▸ Exercise directions
The reply should be an exact repeat of the listing, with no pictures in it.

── Collected data

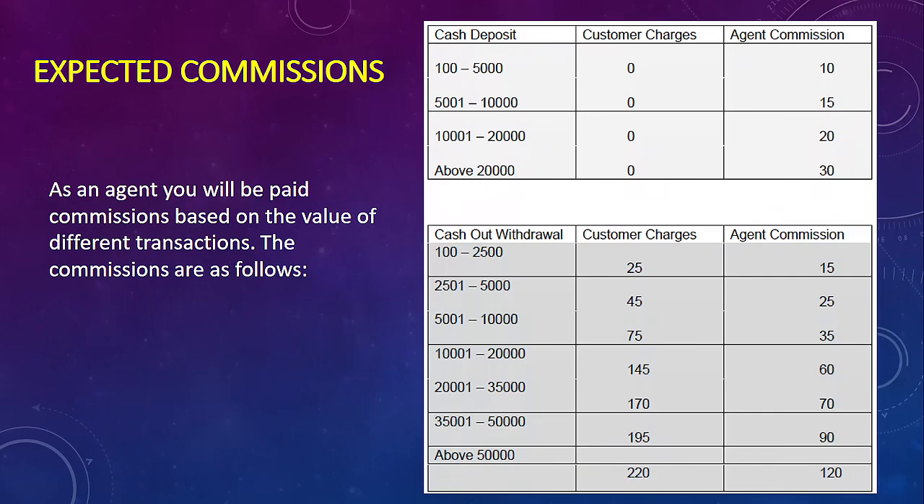Now let's look at your expected commissions, because this is where you make your profit. As an agent you'll be paid commissions based on the value of different transactions. For example, deposits ranging from 100 to 5,000 shillings earn a commission of around 10 shillings, and above 20,000 shillings the same applies for withdrawals. Please note that transaction charges may change over time, so keep updating yourself with current figures.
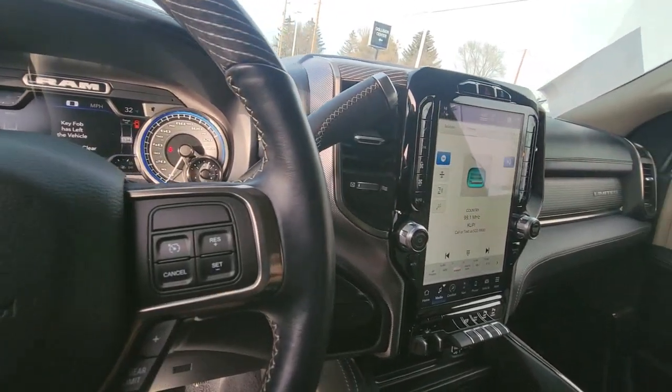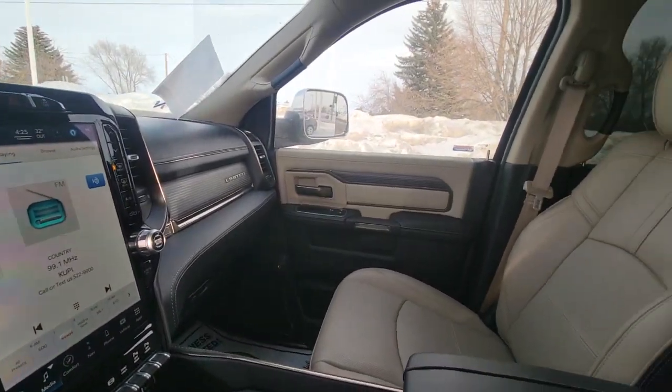Attack your projects with the strength and power that leaves no room for doubt. Drive the Ram 2500.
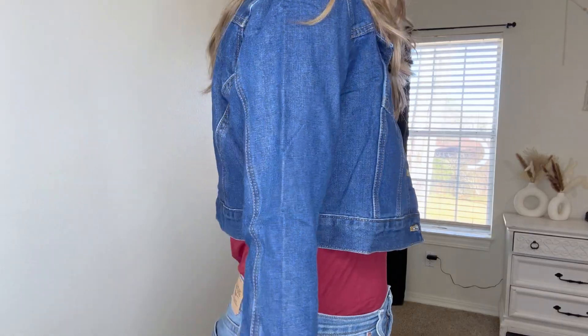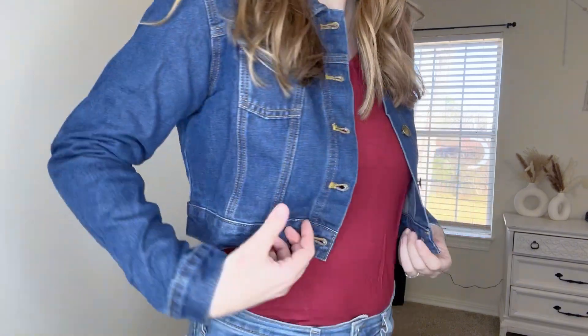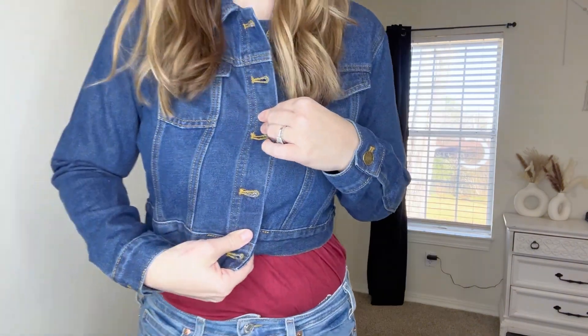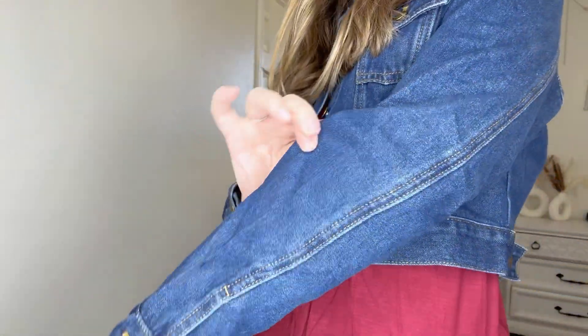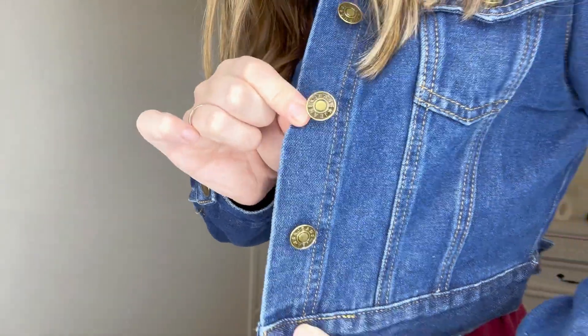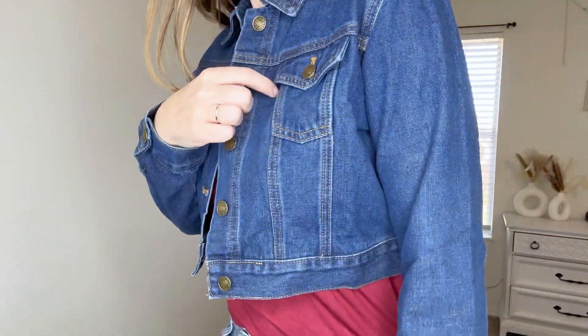It would be super cute either way. It's great quality and it's nice and fitted, so if I button up it's going to fit me true to size rather than oversized. It's definitely a real denim material and not a jegging material. I love the little button details here.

────

▸ Your solution
Now let's look at your expected commissions, because this is where you make your profit. As an agent you'll be paid commissions based on the value of different transactions. For example, deposits ranging from 100 to 5,000 shillings earn a commission of around 10 shillings, and above 20,000 shillings the same applies for withdrawals. Please note that transaction charges may change over time, so keep updating yourself with current figures.
Attack your projects with the strength and power that leaves no room for doubt. Drive the Ram 2500.
It would be super cute either way. It's great quality and it's nice and fitted, so if I button up it's going to fit me true to size rather than oversized. It's definitely a real denim material and not a jegging material. I love the little button details here.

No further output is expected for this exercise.